This flamboyant and spontaneous portrait was painted by John in about 1926, during a visit to Berlin. Its unfinished state allows us to see into John’s famously vigorous technique, and shows perfectly how he painted his inter-war portraits with sudden ‘fits of seeing’. In his autobiography, John recalled his trip to Germany, then recovering in the guise of the Weimar Republic from the First World War, with great pleasure. He described Lali Horstmann as ‘charming’ and an ‘admirable model’ whom, he later noted, ‘seemed to have imported her sense of inscrutability from the Far East’. John also noted that the picture ‘had to be left unfinished’, but does not state why. Since the present work was sold from the artist’s estate in 1962, he evidently took the canvas with him on his return to England.

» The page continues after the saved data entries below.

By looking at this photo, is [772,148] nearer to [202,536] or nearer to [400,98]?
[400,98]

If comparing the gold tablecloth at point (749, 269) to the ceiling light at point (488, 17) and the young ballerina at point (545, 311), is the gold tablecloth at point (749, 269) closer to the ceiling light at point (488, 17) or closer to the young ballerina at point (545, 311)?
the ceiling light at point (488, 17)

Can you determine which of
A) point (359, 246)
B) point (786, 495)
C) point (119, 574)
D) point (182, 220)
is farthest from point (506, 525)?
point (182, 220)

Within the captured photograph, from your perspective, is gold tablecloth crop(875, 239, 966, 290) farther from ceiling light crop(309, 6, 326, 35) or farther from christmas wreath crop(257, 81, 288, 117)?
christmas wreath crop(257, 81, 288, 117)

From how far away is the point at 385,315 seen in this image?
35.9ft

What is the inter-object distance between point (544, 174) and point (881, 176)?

Frau Horstmann was the wife of Alfred, ‘Freddy’, Horstmann, a well-respected German diplomat. In the late 1920s, Freddy Horstmann was the head of the English department at the German Foreign Office, through which he and his wife became friends with Harold Nicolson, and later became German Ambassador to Belgium and Portugal. However, he resigned in 1933, the year Hitler came to power, rather than work for the Nazis. The Horstmann’s were well-off, and keen collectors and patrons of the arts.

The Horstmann’s life during the war was hard enough, not least because of Lali’s Jewish descent. However, it is for her moving account of the harrowing events of the Russian invasion and occupation of Germany that she is best known. Her autobiography, ‘Nothing for Tears’ (London, 1953, and most recently, 2000), is regarded as one of the most important personal German testimonies of the end of the second world war. The book chronicles the systematic rapes perpetrated by Russian troops, the random seizures and shootings, and the total breakdown of order between late 1944 and 1946.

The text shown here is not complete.